→ **Prompt**
Copy the data that follows, character for character, minus the pictures.

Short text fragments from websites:
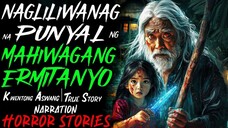 NAGLILIWANAG NA PUNYAL NG MAHIWAGANG ERMITANYO _ Kwentong Aswang _ True Story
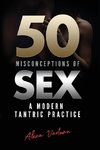 50 Misconceptions of Sex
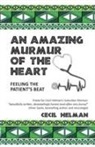 Cecil Helman - An Amazing Murmur of the Heart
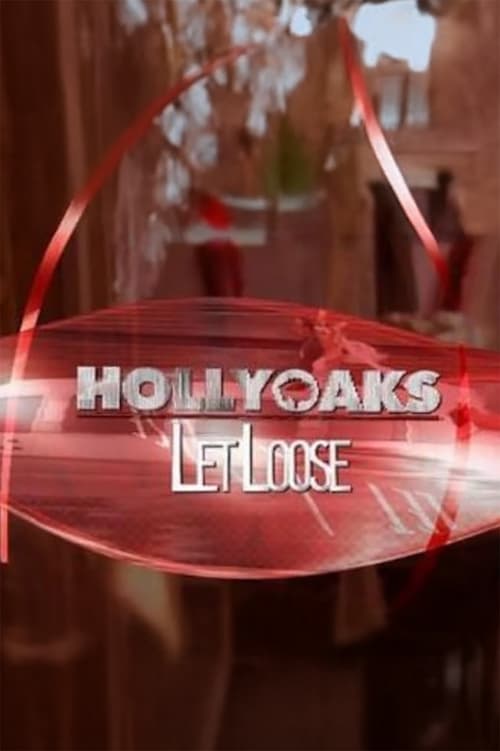 Hollyoaks: Let Loose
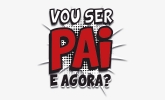 Vou Ser Pai. E agora? - Curso de Paternidade Responsável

→ **Answer**
 NAGLILIWANAG NA PUNYAL NG MAHIWAGANG ERMITANYO _ Kwentong Aswang _ True Story
 50 Misconceptions of Sex
 Cecil Helman - An Amazing Murmur of the Heart
 Hollyoaks: Let Loose
 Vou Ser Pai. E agora? - Curso de Paternidade Responsável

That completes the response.